Les notaires espèrent ainsi que des applications digitales permettront de simplifier les activités à faibles valeurs ajoutées, moins nobles, et souvent mal comprises des clients (telles que l’enregistrement des actes auprès de l’administration). L’automatisation de telles activités permettrait alors aux notaires de se concentrer sur des tâches plus valorisantes et prestigieuses telles que le conseil aux clients. La digitalisation véhicule une promesse d’automatisation de la production des actes qui permettrait d’une part d’alléger le travail administratif, et d’autre part d’offrir plus de clarté et de transparence aux citoyens. Elle est dès lors perçue comme une opportunité de renforcer la plus-value des notaires, mais aussi comme un risque de voir le « pouvoir » lié à leur expertise s’effriter. Alors que l’opacité juridique permettait aux notaires de garder le contrôle grâce à leur maitrise de la complexité, l’accessibilité et la transparence véhiculée par les applications digitales impliquent une redistribution du pouvoir entre notaires et citoyens et une évolution des pratiques.

Dans ces conditions, l’évolution digitale de la profession se réfléchit par le développement de technologies permettant aux notaires de conserver leur position monopolistique (liée à l’authentification des actes), tout en développant de nouveaux services rémunérateurs pour anticiper l’automatisation de certaines activités et l’arrivée de concurrents sur les activités non monopolistiques telles que l’estimation et la vente de biens immobiliers. À la base de cette réflexion se trouve la fédération professionnelle des notaires (Fednot), responsable du développement de ces applications digitales.

3.2 De l’encodage à l’eRegistration

En réponse à une demande de l’administration des finances, Fednot a pris l’initiative de développer une plateforme d’enregistrement électronique des actes notariés. Ce changement, considéré comme « le plus grand projet de Fednot » (Employé de Fednot n° 3), a été imposé par l’État à Fednot (via une loi), puis par Fednot aux notaires. Ces derniers ont dû enregistrer leurs actes électroniquement du jour au lendemain. Ce changement brusque a impliqué une diminution drastique du nombre de bureaux d’enregistrement traditionnels des actes papier. En matière de processus d’enregistrement, l’eRegistration change la donne à plusieurs niveaux : 

« Pour l’enregistrement, avant, vous alliez à un bureau qui se trouvait la plupart du temps à 10 minutes de l’étude et vous déposiez l’acte papier et vous receviez plus tard une version enregistrée. Maintenant, l’enregistrement, c’est des clics et une machine ».

Employé de Fednot n° 3

Ce mode d’enregistrement des actes a complètement modifié les interactions entre les notaires et l’administration. Les échanges sont devenus impersonnels et structurés par une plateforme laissant peu de place aux rectifications. Les échanges se concentraient autrefois entre les notaires et leurs « receveurs », entre qui une relation de confiance s’établissait. L’activité auparavant réalisée directement par le notaire est maintenant effectuée par les collaborateurs au sein de l’étude notariale, de manière automatisée. Cette procédure est à l’origine d’une diminution notable des interactions sociales avec l’administration. « On n’a plus de personne de contact, c’est devenu tellement impersonnel » (Notaire n°11). Cette procédure est aussi représentative de la densification du travail administratif au sein des études. Un outil tel que l’eRegistration n’est pas manipulé au quotidien par les notaires, mais bien par leurs collaborateurs. Si un tel changement a permis de libérer du temps aux notaires, il a impliqué le recrutement de plus de personnel administratif au sein des études notariales.
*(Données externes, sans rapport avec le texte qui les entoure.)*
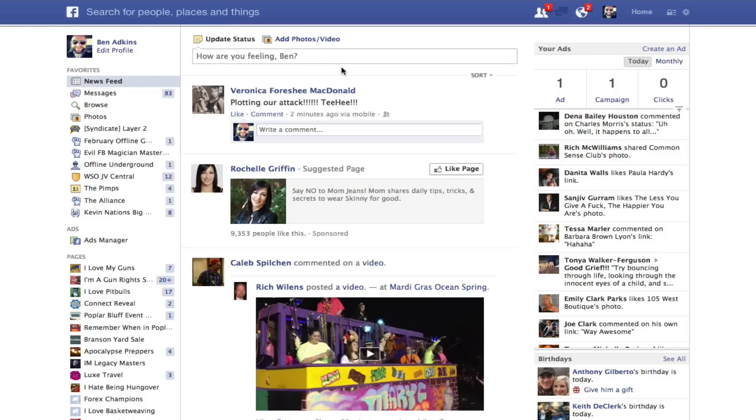Hey, what's up? Dr. Ben Atkins here, and I'm going to show you how to use the Static HTML app on Facebook to embed a website. So let's get started.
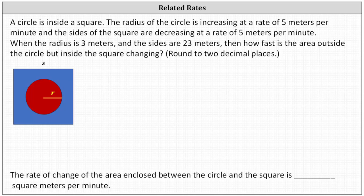A circle is inside a square. The radius of the circle is increasing at a rate of 5 meters per minute, and the sides of the square are decreasing at a rate of 5 meters per minute. When the radius is 3 meters and the sides are 23 meters, how fast is the area outside the circle but inside the square changing? We'll round to two decimal places.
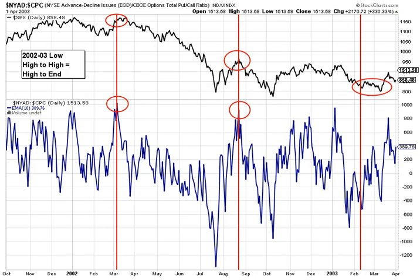Now we're moving to the 2002-2003 low. In March of 2002, the oscillator spiked down and made a multi-month high. And then in August of 2002, made its second major oscillator high. And if you cycle that out, it projected an end to the move in early February.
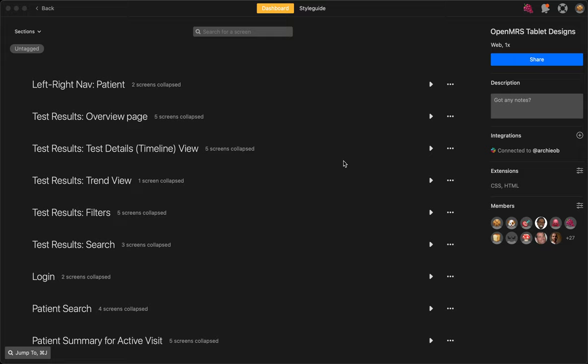Hi there, this is a quick demo of how to use Zeppelin for the OpenMRS project.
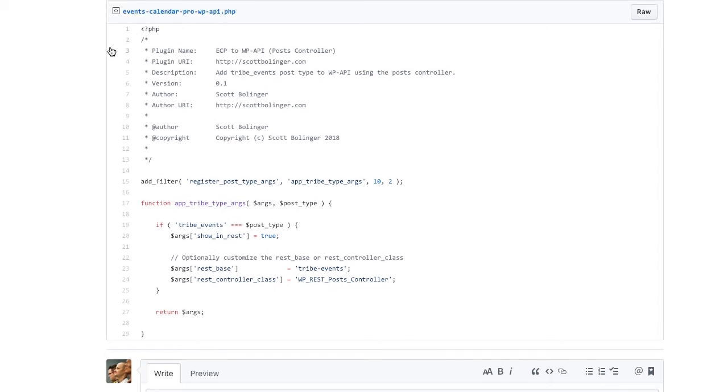In this video, I'm going to show you how to get a custom post type into the WP API so that you can use it in the app.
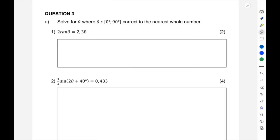Welcome to another video where we're going to run through Paper 2 revision questions. This video is based solely on your trig questions. I've taken all the past papers from previous years and put together all the questions on trigonometry. So if you are looking for a video where you just want to revise your trig questions for Grade 10, this is a very good video to watch.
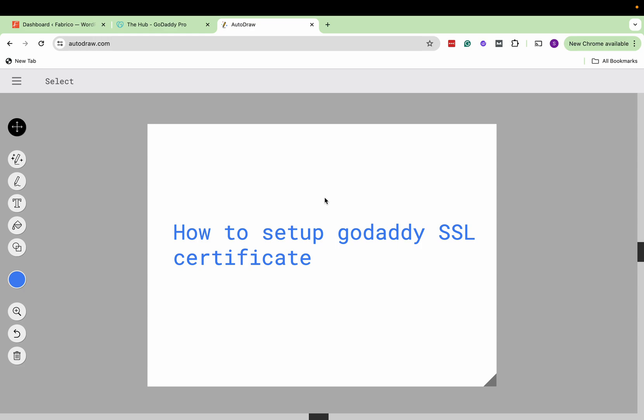Hi everyone, this is Surbhi from Digification. Today we will learn how we can set up SSL certificate to our website.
Même s’ils considèrent qu’ils deviennent des exécutants de l’administration en gérant l’enregistrement des actes (à la place de l’administration des finances), les notaires sont conscients de devenir aussi « une partie intégrante du système » en devenant les seuls à maitriser le processus d’enregistrement (puisque l’outil est exploité par Fednot et utilisé uniquement par les notaires et leurs collaborateurs). Ce faisant, ils deviennent indispensables pour l'administration.

« L’eRegistration a été développée par le notariat pour l’administration. On a fait leur boulot. […] C’est quelque chose que l’on donne pour être sûrs qu’on ne nous retire pas autre chose. […] Grâce à cela, on est sûrs de survivre, on devient incontournables pour l’administration ».

Notaire n° 4

Ce projet d’enregistrement électronique des actes a été porté et développé par Fednot. Il s’inscrit dans l’objectif de créer des applications permettant de fluidifier les interactions entre l'État digital (cadastre, registre national, etc.) et les notaires. Son ambition est de créer une interface unique où les études se connectent et accèdent à plusieurs applications les renvoyant directement vers les différentes bases de données de l'État. Même si l'implémentation a été assez brutale pour certains d’entre eux, l’eRegistration est un projet largement salué par les notaires. 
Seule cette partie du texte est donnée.